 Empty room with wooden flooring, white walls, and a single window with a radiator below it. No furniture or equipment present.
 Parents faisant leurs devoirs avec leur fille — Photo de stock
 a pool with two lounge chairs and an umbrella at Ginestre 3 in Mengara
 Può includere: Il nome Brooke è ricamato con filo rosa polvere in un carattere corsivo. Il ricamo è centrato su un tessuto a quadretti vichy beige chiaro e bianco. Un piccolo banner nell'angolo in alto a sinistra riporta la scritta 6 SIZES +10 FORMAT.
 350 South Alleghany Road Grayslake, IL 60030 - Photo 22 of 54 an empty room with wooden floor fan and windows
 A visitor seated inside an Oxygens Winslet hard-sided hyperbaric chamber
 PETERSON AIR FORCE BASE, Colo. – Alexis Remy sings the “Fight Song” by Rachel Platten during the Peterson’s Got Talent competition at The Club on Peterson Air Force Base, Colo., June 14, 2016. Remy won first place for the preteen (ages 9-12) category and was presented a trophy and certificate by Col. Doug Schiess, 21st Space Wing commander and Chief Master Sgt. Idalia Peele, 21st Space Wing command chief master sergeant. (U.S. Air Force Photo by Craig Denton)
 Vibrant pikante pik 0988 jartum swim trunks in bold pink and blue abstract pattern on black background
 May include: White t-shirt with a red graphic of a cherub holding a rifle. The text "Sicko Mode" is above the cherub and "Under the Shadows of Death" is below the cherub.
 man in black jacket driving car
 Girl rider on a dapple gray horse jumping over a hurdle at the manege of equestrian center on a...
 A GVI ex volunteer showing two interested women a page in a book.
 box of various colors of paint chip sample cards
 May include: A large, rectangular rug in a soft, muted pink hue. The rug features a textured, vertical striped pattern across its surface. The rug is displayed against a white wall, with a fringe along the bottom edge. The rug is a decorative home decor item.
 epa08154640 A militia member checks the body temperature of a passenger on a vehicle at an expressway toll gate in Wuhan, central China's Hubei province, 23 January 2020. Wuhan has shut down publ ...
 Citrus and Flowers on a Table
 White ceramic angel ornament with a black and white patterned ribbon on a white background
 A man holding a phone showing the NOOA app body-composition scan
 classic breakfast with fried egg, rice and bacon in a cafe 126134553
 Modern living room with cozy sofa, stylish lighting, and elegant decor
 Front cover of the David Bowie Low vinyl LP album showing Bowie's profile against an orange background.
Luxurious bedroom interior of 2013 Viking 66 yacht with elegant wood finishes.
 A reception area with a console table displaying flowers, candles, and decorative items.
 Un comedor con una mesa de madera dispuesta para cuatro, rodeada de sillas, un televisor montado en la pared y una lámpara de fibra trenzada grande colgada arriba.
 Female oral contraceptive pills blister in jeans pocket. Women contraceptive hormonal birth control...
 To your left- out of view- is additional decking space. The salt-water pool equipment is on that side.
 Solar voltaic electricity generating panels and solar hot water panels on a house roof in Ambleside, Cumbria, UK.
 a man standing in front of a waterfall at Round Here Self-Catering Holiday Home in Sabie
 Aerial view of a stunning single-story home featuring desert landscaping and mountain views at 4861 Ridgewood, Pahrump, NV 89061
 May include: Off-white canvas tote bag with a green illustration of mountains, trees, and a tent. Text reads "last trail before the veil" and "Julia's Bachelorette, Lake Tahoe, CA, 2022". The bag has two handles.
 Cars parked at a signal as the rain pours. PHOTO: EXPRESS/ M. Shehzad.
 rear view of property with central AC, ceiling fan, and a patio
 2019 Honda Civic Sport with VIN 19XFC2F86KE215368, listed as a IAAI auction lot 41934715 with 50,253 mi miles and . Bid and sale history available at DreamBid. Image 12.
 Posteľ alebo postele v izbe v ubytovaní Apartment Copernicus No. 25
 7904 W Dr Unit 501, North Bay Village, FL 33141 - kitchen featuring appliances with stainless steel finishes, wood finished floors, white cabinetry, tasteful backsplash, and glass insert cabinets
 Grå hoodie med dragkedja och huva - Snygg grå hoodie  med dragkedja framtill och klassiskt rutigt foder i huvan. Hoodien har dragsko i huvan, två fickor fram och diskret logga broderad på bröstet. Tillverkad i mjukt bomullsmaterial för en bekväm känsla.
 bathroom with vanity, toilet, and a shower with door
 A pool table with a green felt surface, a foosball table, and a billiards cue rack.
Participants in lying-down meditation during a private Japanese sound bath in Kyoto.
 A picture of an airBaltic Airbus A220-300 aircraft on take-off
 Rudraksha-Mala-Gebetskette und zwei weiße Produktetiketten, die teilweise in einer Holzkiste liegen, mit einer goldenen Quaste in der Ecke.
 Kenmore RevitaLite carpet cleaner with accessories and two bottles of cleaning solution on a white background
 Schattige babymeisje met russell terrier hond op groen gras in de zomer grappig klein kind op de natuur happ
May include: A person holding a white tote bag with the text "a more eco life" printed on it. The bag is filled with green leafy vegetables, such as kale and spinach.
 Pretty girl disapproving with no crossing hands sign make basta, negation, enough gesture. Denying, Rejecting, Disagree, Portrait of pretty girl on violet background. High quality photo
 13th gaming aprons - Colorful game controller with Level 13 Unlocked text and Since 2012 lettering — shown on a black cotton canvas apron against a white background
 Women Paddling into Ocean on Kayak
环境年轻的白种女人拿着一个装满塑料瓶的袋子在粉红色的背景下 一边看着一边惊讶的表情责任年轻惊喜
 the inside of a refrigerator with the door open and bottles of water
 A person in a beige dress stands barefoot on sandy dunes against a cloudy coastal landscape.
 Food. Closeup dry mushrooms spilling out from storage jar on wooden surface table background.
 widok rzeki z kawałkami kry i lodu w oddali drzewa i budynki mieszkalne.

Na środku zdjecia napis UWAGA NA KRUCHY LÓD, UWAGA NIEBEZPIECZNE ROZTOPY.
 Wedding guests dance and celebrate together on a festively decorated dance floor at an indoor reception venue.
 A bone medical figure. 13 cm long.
○ ○ ○
== WHAT IS BEING ASKED ==
All of the records shown above should be reproduced exactly.

== RESPONSE ==
 Empty room with wooden flooring, white walls, and a single window with a radiator below it. No furniture or equipment present.
 Parents faisant leurs devoirs avec leur fille — Photo de stock
 a pool with two lounge chairs and an umbrella at Ginestre 3 in Mengara
 Può includere: Il nome Brooke è ricamato con filo rosa polvere in un carattere corsivo. Il ricamo è centrato su un tessuto a quadretti vichy beige chiaro e bianco. Un piccolo banner nell'angolo in alto a sinistra riporta la scritta 6 SIZES +10 FORMAT.
 350 South Alleghany Road Grayslake, IL 60030 - Photo 22 of 54 an empty room with wooden floor fan and windows
 A visitor seated inside an Oxygens Winslet hard-sided hyperbaric chamber
 PETERSON AIR FORCE BASE, Colo. – Alexis Remy sings the “Fight Song” by Rachel Platten during the Peterson’s Got Talent competition at The Club on Peterson Air Force Base, Colo., June 14, 2016. Remy won first place for the preteen (ages 9-12) category and was presented a trophy and certificate by Col. Doug Schiess, 21st Space Wing commander and Chief Master Sgt. Idalia Peele, 21st Space Wing command chief master sergeant. (U.S. Air Force Photo by Craig Denton)
 Vibrant pikante pik 0988 jartum swim trunks in bold pink and blue abstract pattern on black background
 May include: White t-shirt with a red graphic of a cherub holding a rifle. The text "Sicko Mode" is above the cherub and "Under the Shadows of Death" is below the cherub.
 man in black jacket driving car
 Girl rider on a dapple gray horse jumping over a hurdle at the manege of equestrian center on a...
 A GVI ex volunteer showing two interested women a page in a book.
 box of various colors of paint chip sample cards
 May include: A large, rectangular rug in a soft, muted pink hue. The rug features a textured, vertical striped pattern across its surface. The rug is displayed against a white wall, with a fringe along the bottom edge. The rug is a decorative home decor item.
 epa08154640 A militia member checks the body temperature of a passenger on a vehicle at an expressway toll gate in Wuhan, central China's Hubei province, 23 January 2020. Wuhan has shut down publ ...
 Citrus and Flowers on a Table
 White ceramic angel ornament with a black and white patterned ribbon on a white background
 A man holding a phone showing the NOOA app body-composition scan
 classic breakfast with fried egg, rice and bacon in a cafe 126134553
 Modern living room with cozy sofa, stylish lighting, and elegant decor
 Front cover of the David Bowie Low vinyl LP album showing Bowie's profile against an orange background.
Luxurious bedroom interior of 2013 Viking 66 yacht with elegant wood finishes.
 A reception area with a console table displaying flowers, candles, and decorative items.
 Un comedor con una mesa de madera dispuesta para cuatro, rodeada de sillas, un televisor montado en la pared y una lámpara de fibra trenzada grande colgada arriba.
 Female oral contraceptive pills blister in jeans pocket. Women contraceptive hormonal birth control...
 To your left- out of view- is additional decking space. The salt-water pool equipment is on that side.
 Solar voltaic electricity generating panels and solar hot water panels on a house roof in Ambleside, Cumbria, UK.
 a man standing in front of a waterfall at Round Here Self-Catering Holiday Home in Sabie
 Aerial view of a stunning single-story home featuring desert landscaping and mountain views at 4861 Ridgewood, Pahrump, NV 89061
 May include: Off-white canvas tote bag with a green illustration of mountains, trees, and a tent. Text reads "last trail before the veil" and "Julia's Bachelorette, Lake Tahoe, CA, 2022". The bag has two handles.
 Cars parked at a signal as the rain pours. PHOTO: EXPRESS/ M. Shehzad.
 rear view of property with central AC, ceiling fan, and a patio
 2019 Honda Civic Sport with VIN 19XFC2F86KE215368, listed as a IAAI auction lot 41934715 with 50,253 mi miles and . Bid and sale history available at DreamBid. Image 12.
 Posteľ alebo postele v izbe v ubytovaní Apartment Copernicus No. 25
 7904 W Dr Unit 501, North Bay Village, FL 33141 - kitchen featuring appliances with stainless steel finishes, wood finished floors, white cabinetry, tasteful backsplash, and glass insert cabinets
 Grå hoodie med dragkedja och huva - Snygg grå hoodie  med dragkedja framtill och klassiskt rutigt foder i huvan. Hoodien har dragsko i huvan, två fickor fram och diskret logga broderad på bröstet. Tillverkad i mjukt bomullsmaterial för en bekväm känsla.
 bathroom with vanity, toilet, and a shower with door
 A pool table with a green felt surface, a foosball table, and a billiards cue rack.
Participants in lying-down meditation during a private Japanese sound bath in Kyoto.
 A picture of an airBaltic Airbus A220-300 aircraft on take-off
 Rudraksha-Mala-Gebetskette und zwei weiße Produktetiketten, die teilweise in einer Holzkiste liegen, mit einer goldenen Quaste in der Ecke.
 Kenmore RevitaLite carpet cleaner with accessories and two bottles of cleaning solution on a white background
 Schattige babymeisje met russell terrier hond op groen gras in de zomer grappig klein kind op de natuur happ
May include: A person holding a white tote bag with the text "a more eco life" printed on it. The bag is filled with green leafy vegetables, such as kale and spinach.
 Pretty girl disapproving with no crossing hands sign make basta, negation, enough gesture. Denying, Rejecting, Disagree, Portrait of pretty girl on violet background. High quality photo
 13th gaming aprons - Colorful game controller with Level 13 Unlocked text and Since 2012 lettering — shown on a black cotton canvas apron against a white background
 Women Paddling into Ocean on Kayak
环境年轻的白种女人拿着一个装满塑料瓶的袋子在粉红色的背景下 一边看着一边惊讶的表情责任年轻惊喜
 the inside of a refrigerator with the door open and bottles of water
 A person in a beige dress stands barefoot on sandy dunes against a cloudy coastal landscape.
 Food. Closeup dry mushrooms spilling out from storage jar on wooden surface table background.
 widok rzeki z kawałkami kry i lodu w oddali drzewa i budynki mieszkalne.

Na środku zdjecia napis UWAGA NA KRUCHY LÓD, UWAGA NIEBEZPIECZNE ROZTOPY.
 Wedding guests dance and celebrate together on a festively decorated dance floor at an indoor reception venue.
 A bone medical figure. 13 cm long.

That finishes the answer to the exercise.